Il s'adresse ensuite à ses hommes :

— Attention à celui aux cheveux blancs. Ne le laissez pas s'approcher ou vous serez irradié.

— Ils sont trop nombreux, dit Sylbras. On va devoir fuir.

— Hors de question, dit Iric. Ils vont trouver le détonateur et désamorcer la bombe.

— Il faut jouer le chrono, dit Phia. On les retient le plus longtemps possible.

— Et on saute avec eux ? dit Tollen.

— Je vais le faire, dit Iric. Partez !

— Que dis-tu ? demande Richan. On ne va pas te laisser.

Iric fonce sur les soldats qui ouvrent le feu sur lui. Malgré la pluie de balles, il ne faiblit pas et frappe les soldats de toutes ses forces.

— Allons-y, dit Sylbras, c'est son choix.

Sylbras, Richan, Phia et Tollen s'enfuient alors.

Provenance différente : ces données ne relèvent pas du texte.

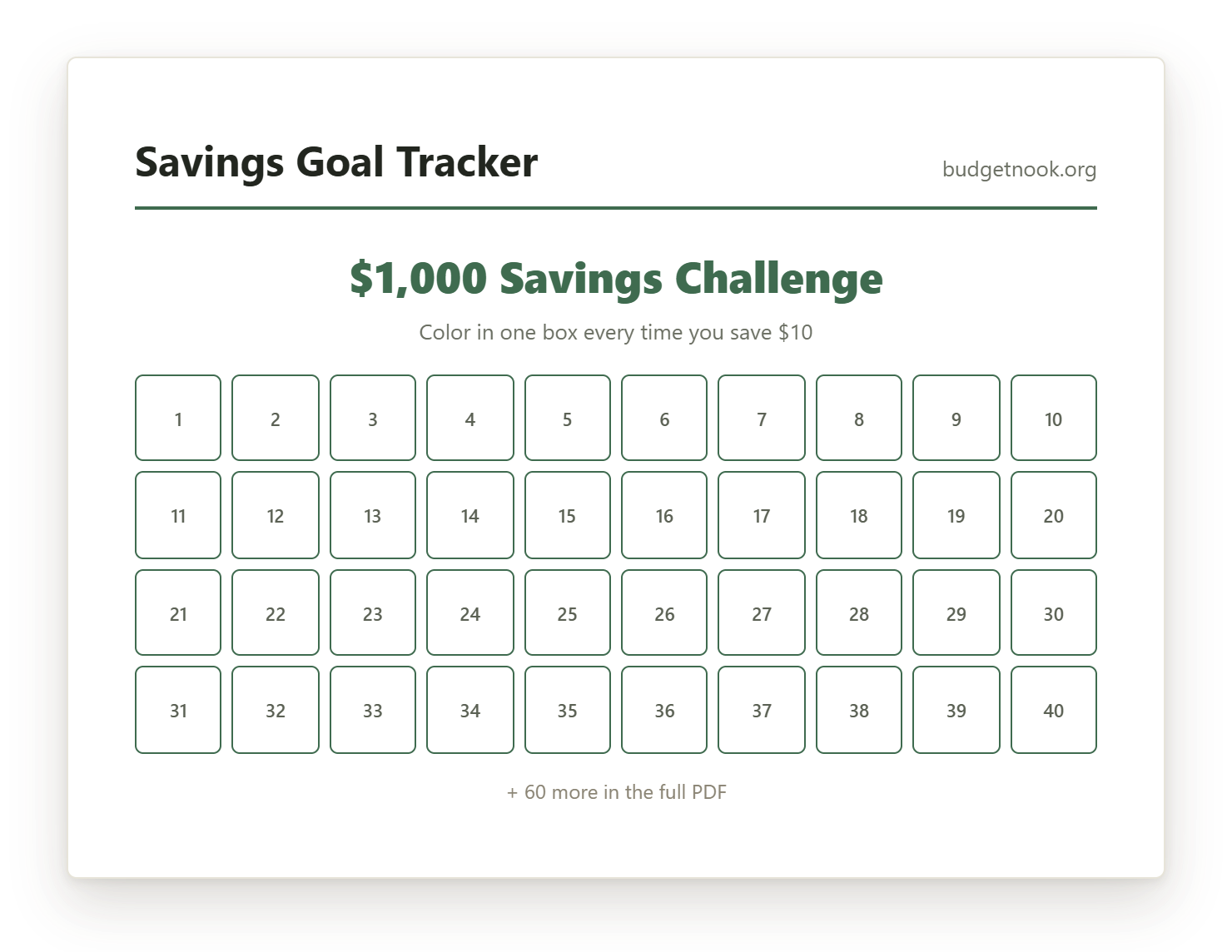 Preview of the Savings Goal Tracker printable
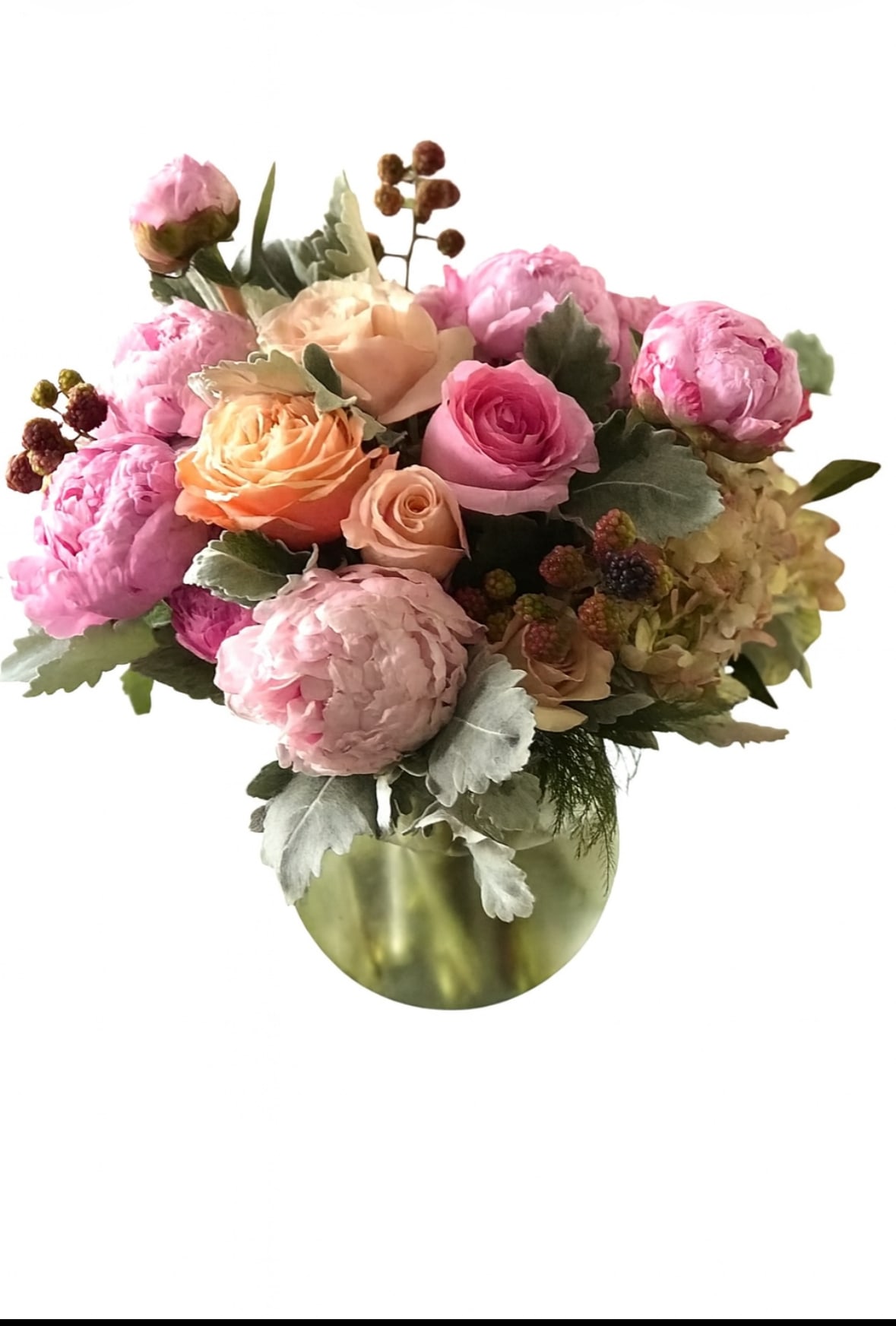 Blushing Garden  - Designed in a modern round vessel, this arrangement feels fresh, feminine, and effortlessly elegant—perfect for celebrating life’s sweetest moments or adding a touch of beauty to any space.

Les soldats trop occupés à mater Iric ne s'aperçoivent même pas de leur départ. Ce qui reste du Nouvel Ordre sort par l'ouverture qu'ils ont ménagée à l'aller. Sylbras s'arrête ensuite dans la forêt.

— Que fais-tu ? demande Tollen. Il faut y aller.

— Je veux m'assurer que le sacrifice d'Iric ne sera pas vain.

Après quelques minutes, une explosion retentit enfin, signe qu’Iric a réussi à retenir les soldats assez longtemps pour qu'ils ne désamorcent pas la bombe. Tout le complexe part en fumée, réduisant à néant «Mother» et tous les soldats. La mission est accomplie mais les pertes sont lourdes pour le Nouvel Ordre. Avec la disparition d'Iric, c'est un membre puissant et iconique qui disparaît.